That said, tomorrows jobs report matters.
As I've expressed herein, we're constructive on equities right here, as political and economic risk strongly supports the notion that the Strait will be open sooner than later... That's unambiguously bullish for equities initially... Although, as I type, chip stocks are getting hammered on a handful of reports that question the durability of the AI driven bonanza -- the Nasdaq 100 Index is down 1.24% this morning, which is dragging the S&P 500 down 0.23%, while the Dow is up 580 points... Of course that's rotation, explained by yet another glimmer of hope this morning that peace is on the horizon.
As for us, our core allocation reads (albeit slightly) green this morning, as we're diversified in a manner that captures said glimmer of hope enough to offset the hit we're taking on our tech exposure.
Back to tomorrow's jobs report:
Suffice to say that it has the potential to throw some cold water on our positive-resolution-will-lift-stocks thesis, but not in the way you might think... Meaning, if the jobs number is really good, and the Hormuz news says smooth sailing to come, there's a chance that yields could actually rise in response.
Now that's not necessarily supported by, for example, this morning's action... Yields are declining on that Hormuz glimmer of hope -- inspired by an attendant drop in oil prices... I.e., for a good jobs number, alongside Hormuz optimism, to push yields higher (and potentially stocks lower), it'll have to be exceptionally good.
Bottom line: This is just a potential heads up, I actually wouldn't lose any sleep over it either way, at this juncture... Tomorrow's jobs number -- whether it's good or bad short-term for equities -- wouldn't shake us lose from our short-term thesis.
It's beyond the very short-term -- later this year -- that has our focus, as I've been frequently pointing out herein.

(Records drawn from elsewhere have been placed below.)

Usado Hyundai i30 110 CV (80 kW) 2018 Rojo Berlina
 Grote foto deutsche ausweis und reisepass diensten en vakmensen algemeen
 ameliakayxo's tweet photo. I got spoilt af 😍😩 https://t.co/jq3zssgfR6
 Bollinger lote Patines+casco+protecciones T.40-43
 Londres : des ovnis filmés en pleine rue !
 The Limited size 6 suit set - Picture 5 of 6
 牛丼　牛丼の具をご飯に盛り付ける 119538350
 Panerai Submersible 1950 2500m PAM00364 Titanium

BCA's Marko Papic shares our concerns:
"Bears will fold like lawn chairs this summer as traffic returns to Hormuz, allowing markets to overcome seasonal malaise. But we are starting to see how the expansion ends. A macro brew of global central bank tightening due to stickier-than-expected inflation, negative second derivative in AI capex, and surging supply of equities due to Monster IPOs. Expect a blow-off rally until midterms, uncertainty after, calamity in 2027."